Thursday, September 17, 2015

HP Labs? Still a presence?

From the previous post, "at a conference examining the explosive growth of traffic on the Internet and future technology requirements. HP Labs notably absent - no longer even taken seriously in such circles."

I had dinner with an "old" HP Labs crony Tuesday evening in Menlo Park.  He chronicled the numbers --in 1990, with sales of $15B, HP Labs (the research teams that got HP into computing, and later did RISC architectures so well, and now 'of course' "THE MACHINE" which is eagerly anticipated by some, and scorned as 'so much hype' by others) had 1200 staff, in Palo Alto and Bristol, England.

In 2010, after Carly and Hurd collectively (but with Lew Platt's help also), the employee count was down to 400, in five world-wide locations (outposts only in three of them).  Revenues were $127B.  And Hurd was caught 'pants-down' so to speak.  Wonder if he's got friends at Stanford Biz School (wasn't that sad about Garth Saloner's shenanigans, vehemently denied)?

Today, after the Martin Fink arrival replacing Prith Banerjee three years ago, the Labs is down to 250 folk, while HP chugs along, pre-split, at $111 Billion

HP Labs of course was "the renewal engine" for HP for decades, providing most of the impetus for (1) leadership in scientific computing; (2) leadership in mobile computing (the HP 35 and other handhelds); (3) leadership in department business computing; (4) leadership in peripherals, esp. printers and imaging

Not to mention leadership in integrated circuits (building and shipping 75,000 16-bit microcomputer chips before Intel delivered its first 16-bit sample chips; 90% of the world's Light-Emitting Diodes (LEDs) for two decades; 90%+ of the Gallium-Arsenide devices that today power the satellite communications systems of the world), medical diagnostics, and analytical chemistry.

What, you might ask, has HP Labs done for renewal for HP since 1990?  Hard to specify?  Hard to decide?  Hard to know?

What IS the cross-product of 250 researchers divided by $110B vs. 1200 researchers divided by $15B?
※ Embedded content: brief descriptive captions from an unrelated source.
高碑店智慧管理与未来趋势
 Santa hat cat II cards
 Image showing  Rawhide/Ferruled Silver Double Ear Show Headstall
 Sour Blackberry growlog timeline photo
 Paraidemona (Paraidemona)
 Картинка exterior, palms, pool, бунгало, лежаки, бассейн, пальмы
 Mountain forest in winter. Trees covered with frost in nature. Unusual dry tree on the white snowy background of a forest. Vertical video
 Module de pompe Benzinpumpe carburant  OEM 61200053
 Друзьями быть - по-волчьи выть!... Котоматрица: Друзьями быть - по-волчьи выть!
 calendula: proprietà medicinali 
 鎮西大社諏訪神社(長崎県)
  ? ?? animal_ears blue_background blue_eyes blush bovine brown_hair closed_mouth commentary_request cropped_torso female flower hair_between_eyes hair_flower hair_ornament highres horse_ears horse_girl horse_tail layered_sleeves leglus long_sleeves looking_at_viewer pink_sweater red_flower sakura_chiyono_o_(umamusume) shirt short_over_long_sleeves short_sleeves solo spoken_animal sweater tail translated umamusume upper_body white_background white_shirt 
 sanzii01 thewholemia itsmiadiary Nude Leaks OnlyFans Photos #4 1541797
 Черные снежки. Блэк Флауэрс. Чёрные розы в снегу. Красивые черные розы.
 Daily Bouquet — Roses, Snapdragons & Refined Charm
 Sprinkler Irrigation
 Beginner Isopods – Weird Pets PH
The answer is a shocking 1 researcher today for every 106 researchers twenty-five years ago per revenue dollar.  A bet of 1% of what it used to be on interesting forward-looking research.  Whew

And in 1990, HP had 16 members of the National Academy of Engineering; today my sources indicate that they have only one.   For two decades from the start as a public company in 1957, HP had a Nobel Prize-winner (Luis Alvarez) from Berkeley and the Dean of Engineering from Stanford, Fred Terman, on the Board of Directors.  Quite a vote for Engineering Excellence--for a long time.  Not so evident today?

To be sure, many of the 'big labs'--Bell Labs, XeroxPARC, MCC among them--have dwindled.

But gosh... innovation seems still pretty important for leadership in this crazy competitive world.

1 comment:

Walter Underwood said...

How big is Keysight Labs? T&M was a big chunk of what HPL did.

They currently have five IEEE Fellows.